Very interesting point raised by Guro last week about blocking.\
As beginners, we are taught the De Cuerdas style - hand behind the middle of the stick, triangle footwork away from the attack, stick used as primary shield/blocking.
Now as intermediates, we are into the advanced blocking series, which is leading us toward Serrada. What changed?
In the intermediate/advanced blocking, we are no longer shielding/hiding behind the stick. Instead, our primary block is on the attacker's hand or elbow. In addition, our triangle becomes very narrow, and our footwork almost, but not quite, straight in; jamming the attack. WE ARE CLOSE...VERY CLOSE.
Of course, this is logical when we need to use our hand to block. This alone means we need to be close enough to reach the attacking hand, which cannot be done at medio distance. We are no longer moving away from the strike.

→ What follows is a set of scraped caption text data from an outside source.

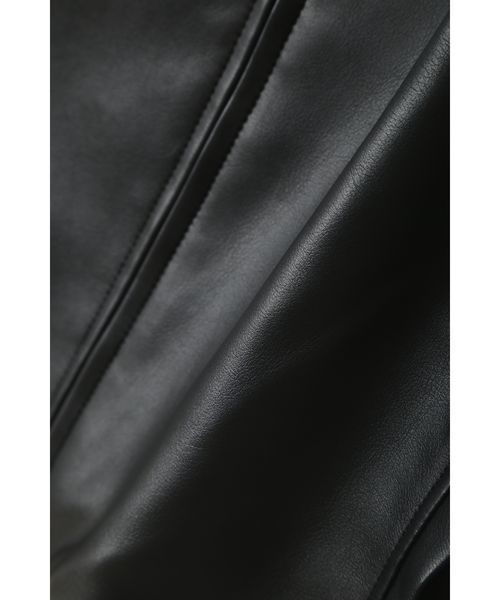 NATURAL BEAUTY BASIC（ナチュラルビューティーベーシック）の「【andGIRL 10月号掲載】フェイクレザーブルゾン（ブルゾン・レディース・ベージュ/ダークベージュ/ブラック・MEDIUM/SMALL/LARGE）」の5枚目の写真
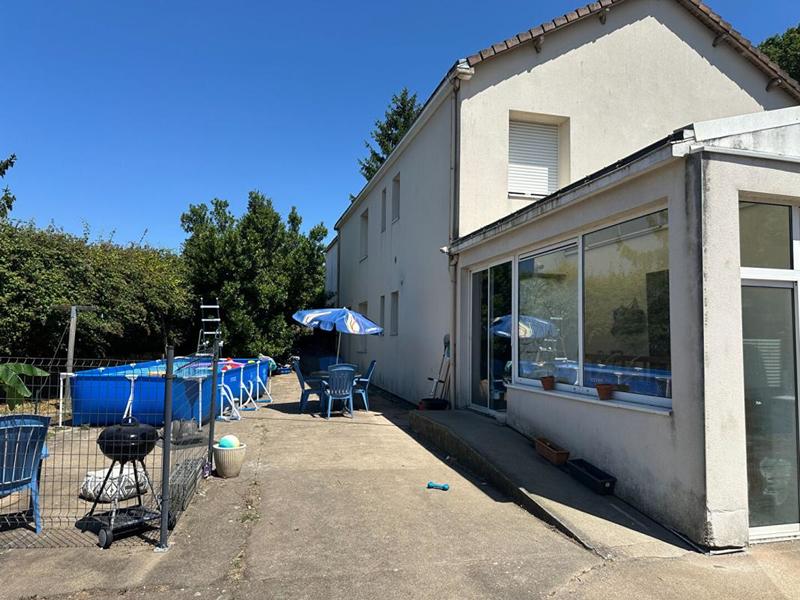 Maison - 175 m² - 13 pièces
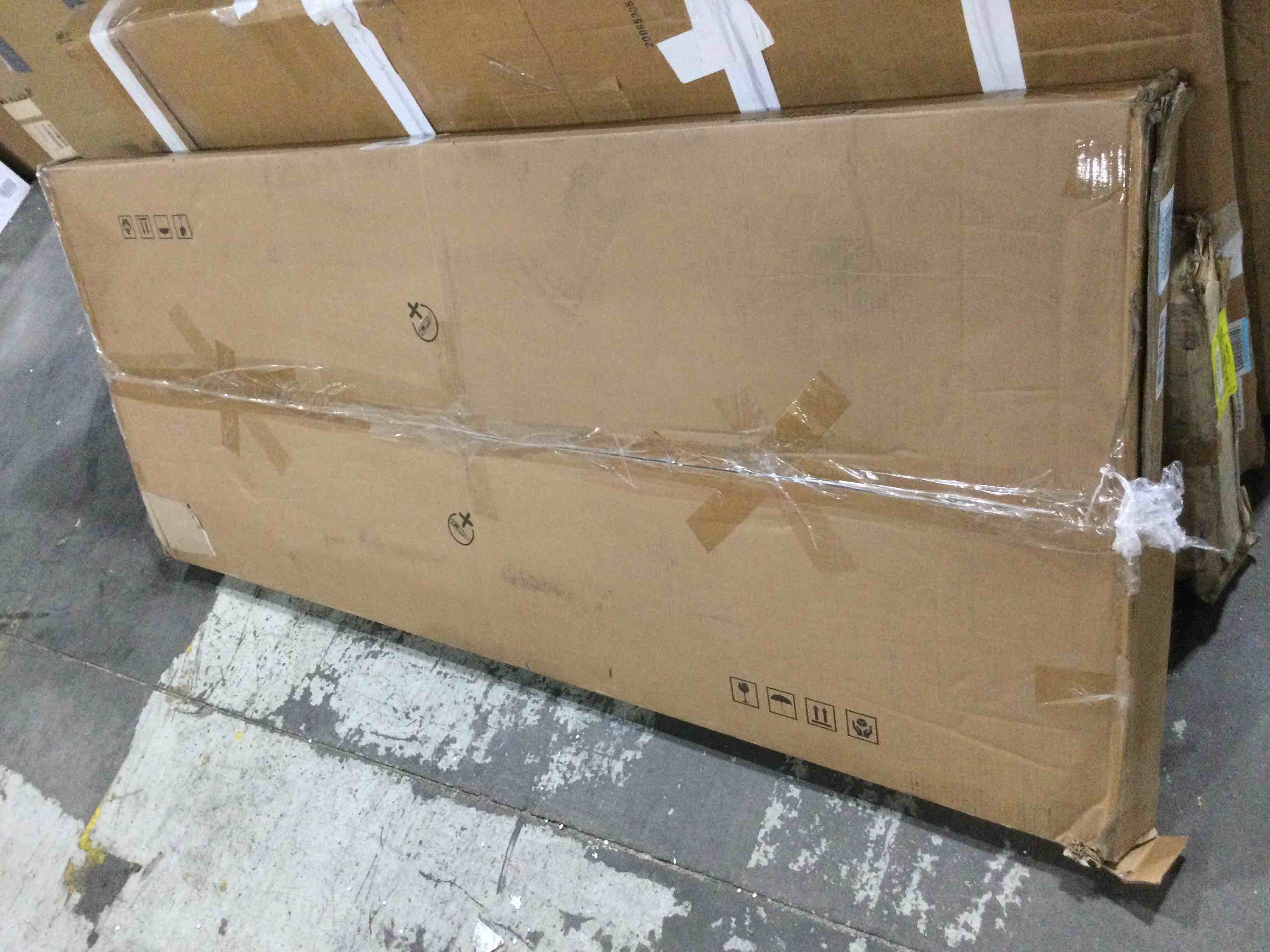 https://s3.amazonaws.com/lotting-images-prod/bidfta/YEL4144089_1696001991445.jpeg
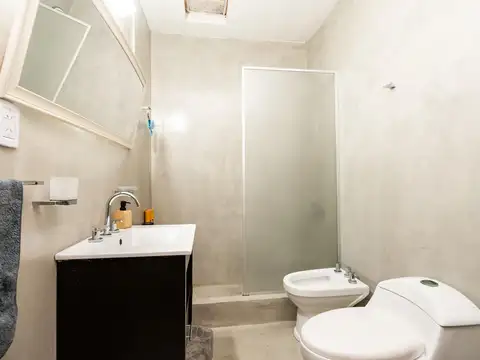 Venta Casa 5 ambientes con cochera patio y terraza en Monte Castro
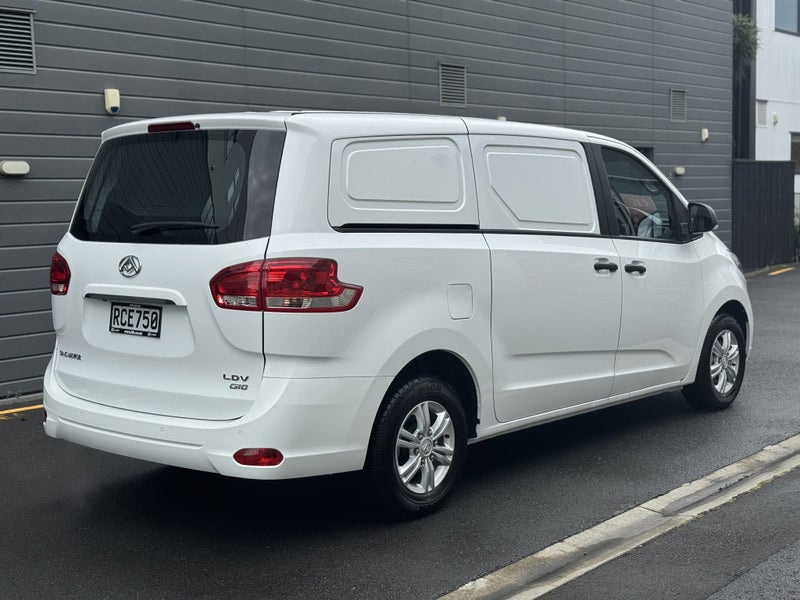 2025 LDV G10 Tgi Auto image 4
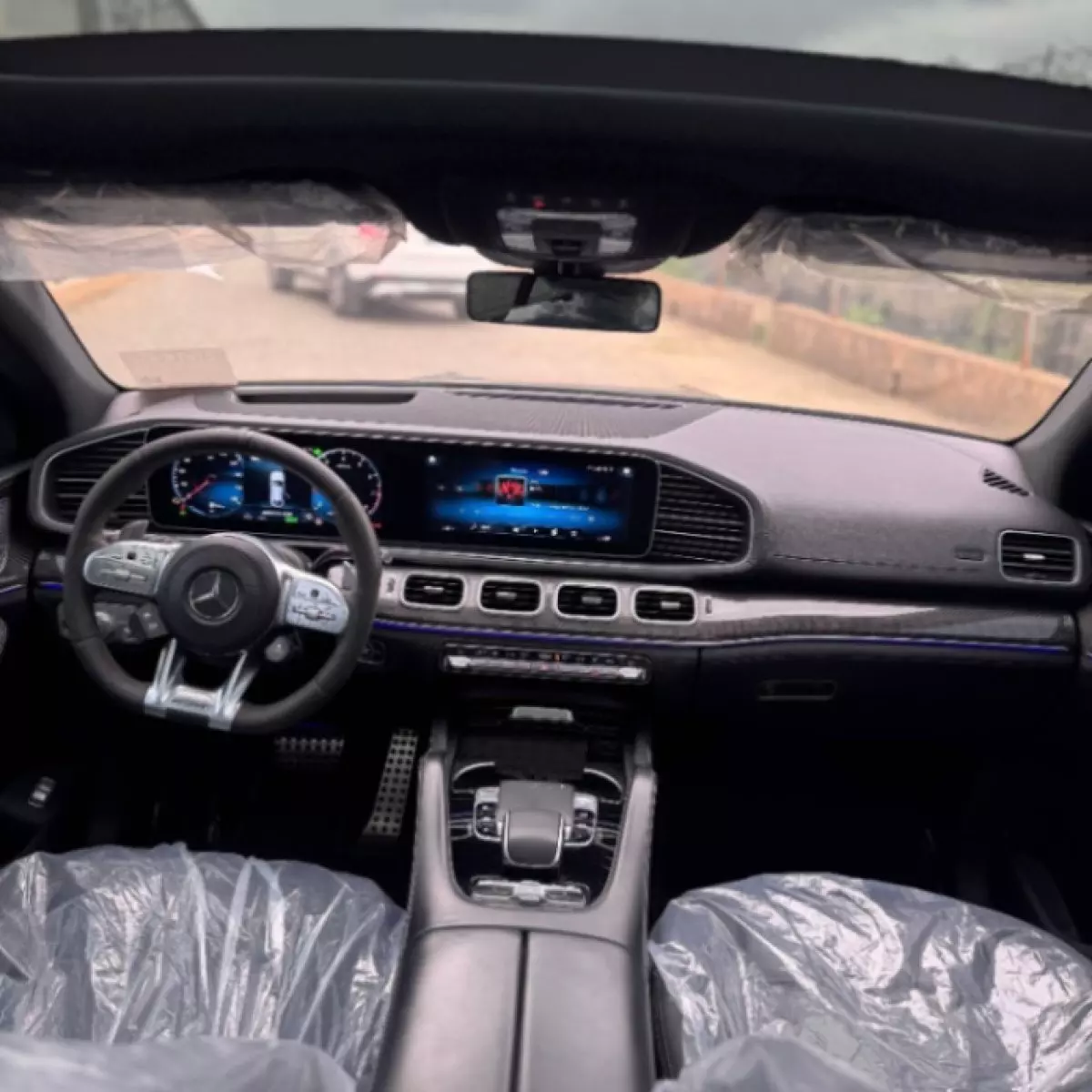 interiorFront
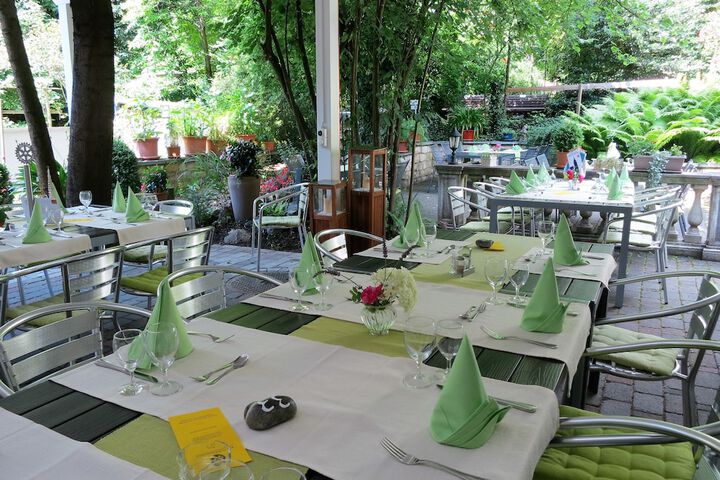 Dining 61 of 72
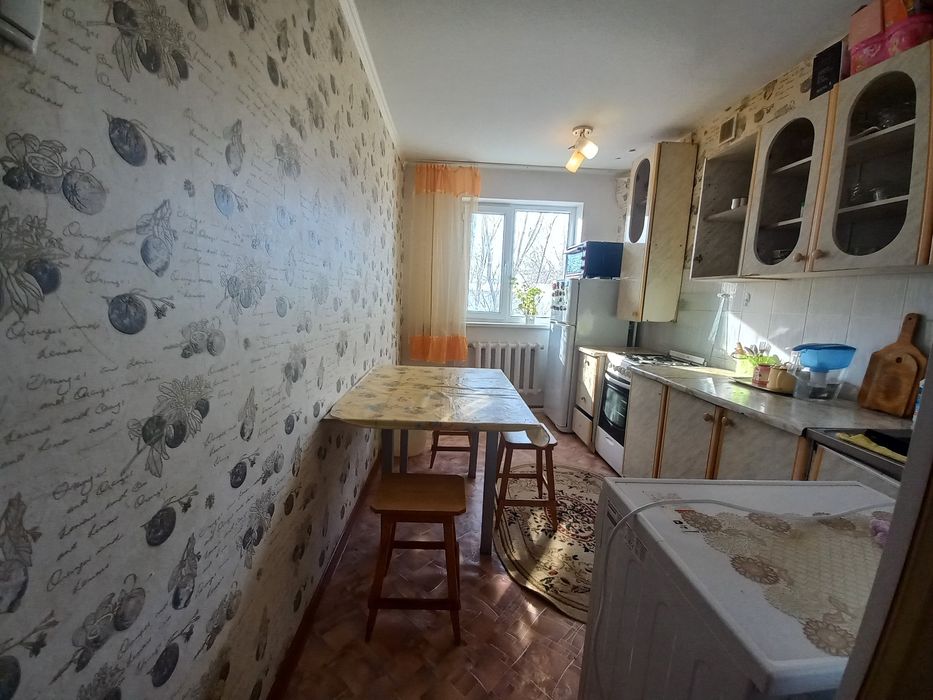 Продается  2-х комнатная квартира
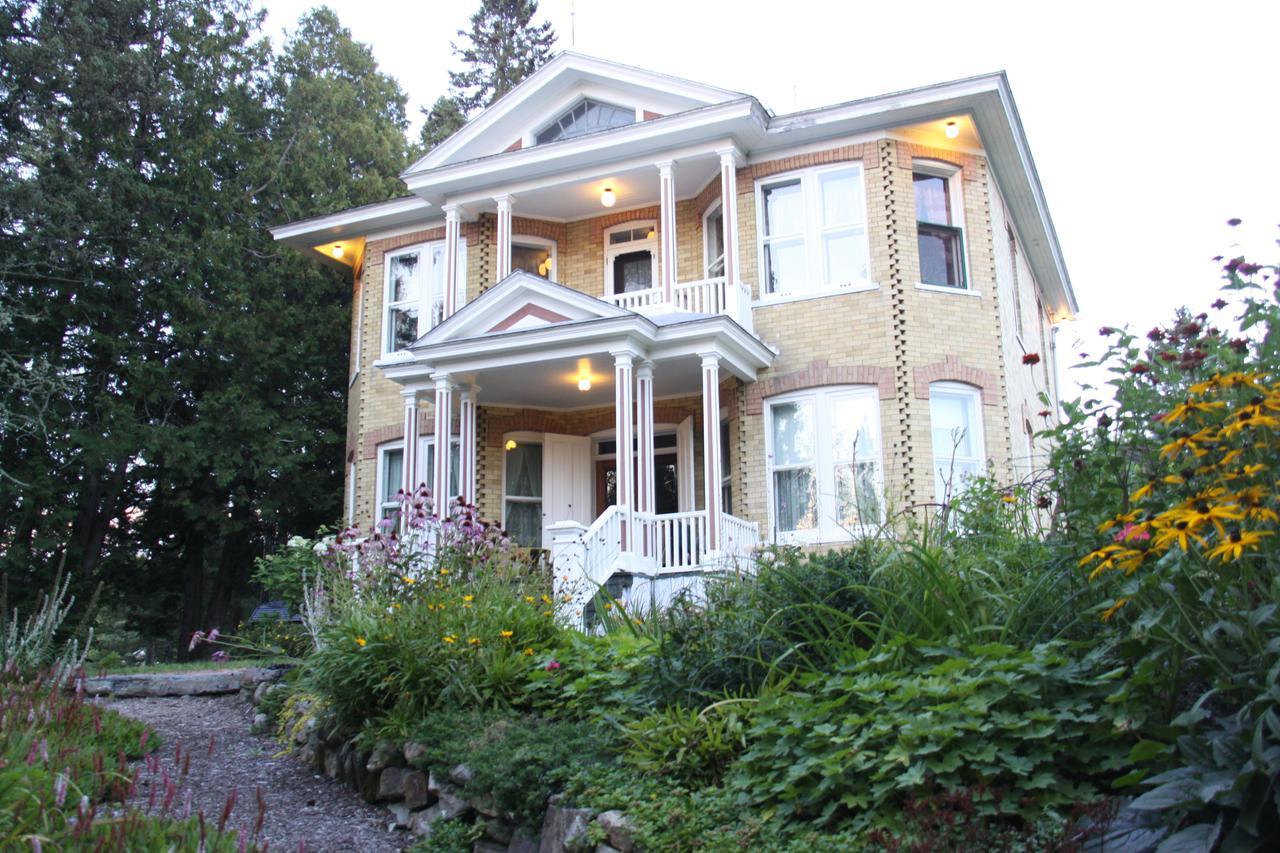 Auberge Taylor Manor Saint-Georges Exteriör bild
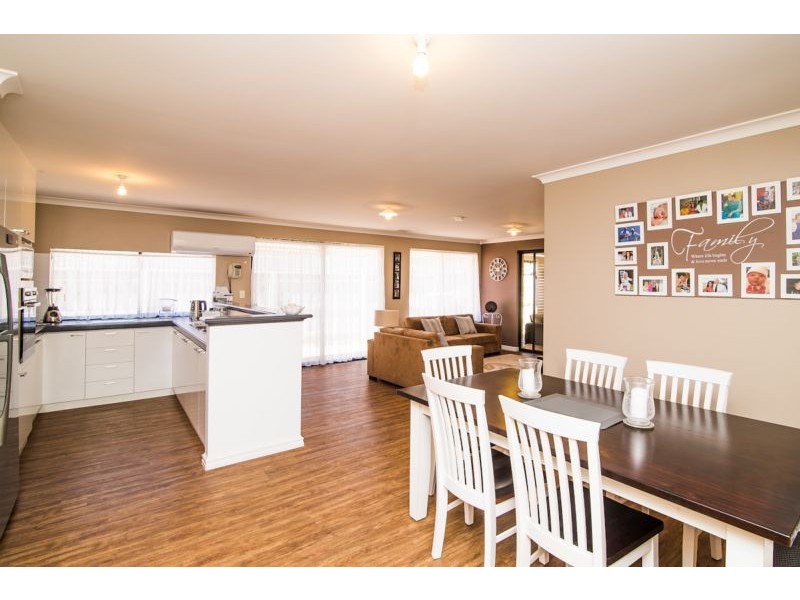 39 Waring Green, Clarkson WA 6030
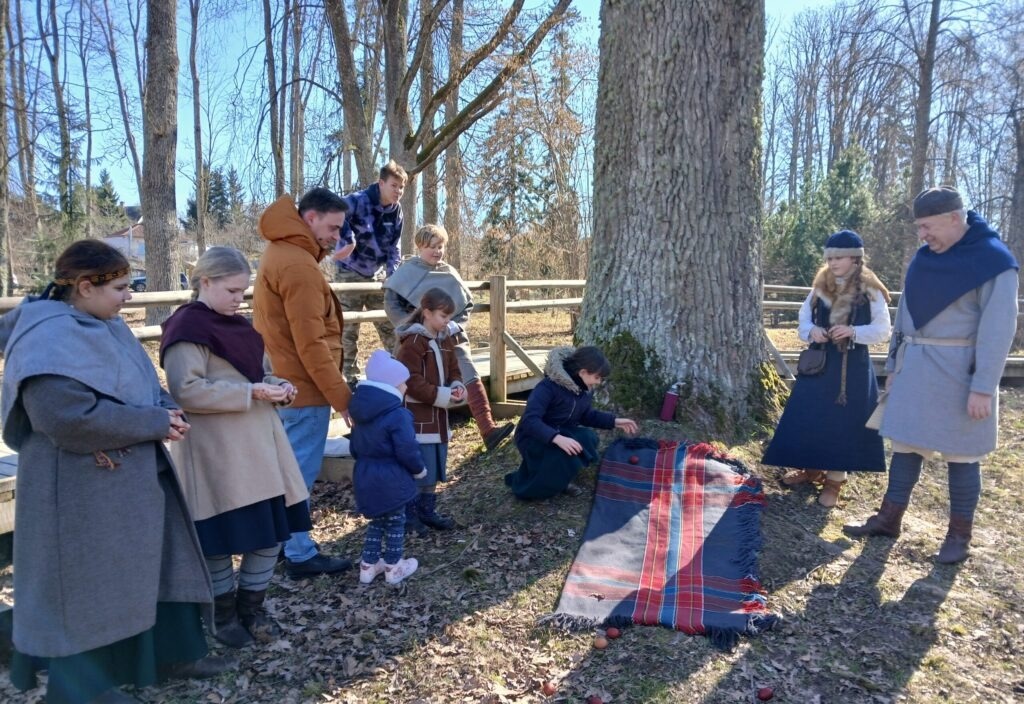 Aluksniesiem.lv raksta attēla aizvietotājs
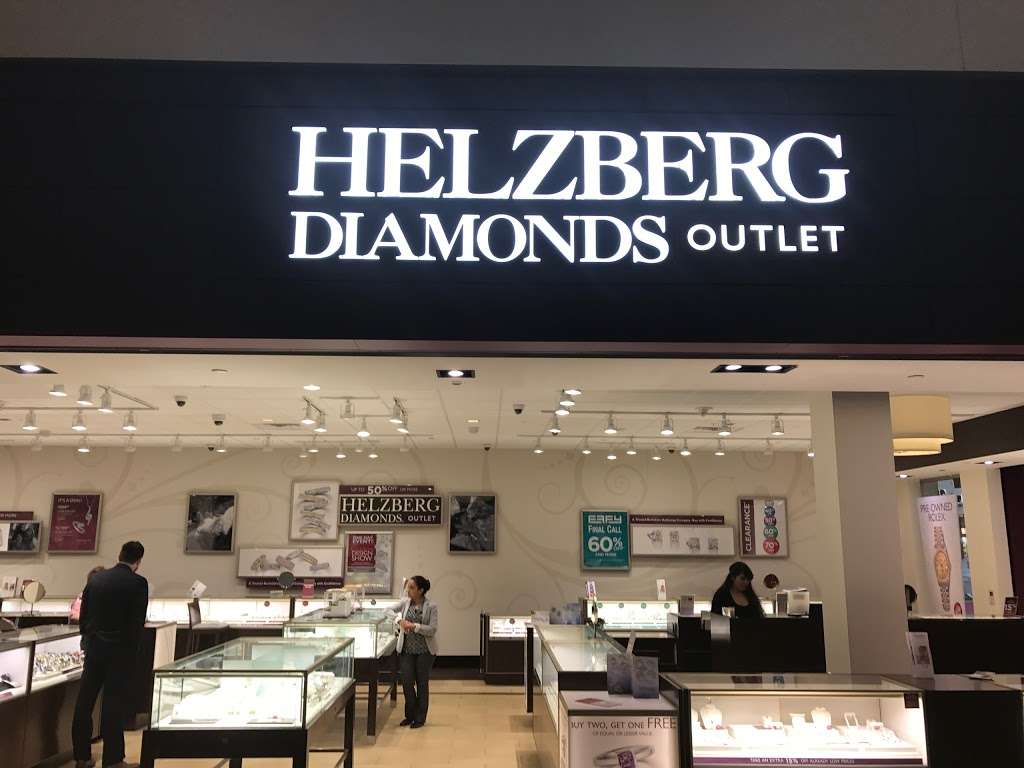 Helzberg Diamonds | 7000 Arundel Mills Cir Suite 457, Hanover, MD 21076 | Phone: (410) 796-3704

Instead, we take the force by jamming it right as the attacking movement begins.
The more advanced we become, the closer we get to our opponent. The more directly we intercept and get in. Guro Fred and Guro Guillaume use the phrase "get in" a lot, and now it is becoming clearer. The goal in kali is to get in as close as possible, and every move (even in Hakka/Jun Fan) is designed to close distance and get you into the opponent where you can end the fight quickly. You cannot employ the Serrada style blocking without getting in close.
I am just as fascinated by what I see as I was the first day. There is just so much to learn.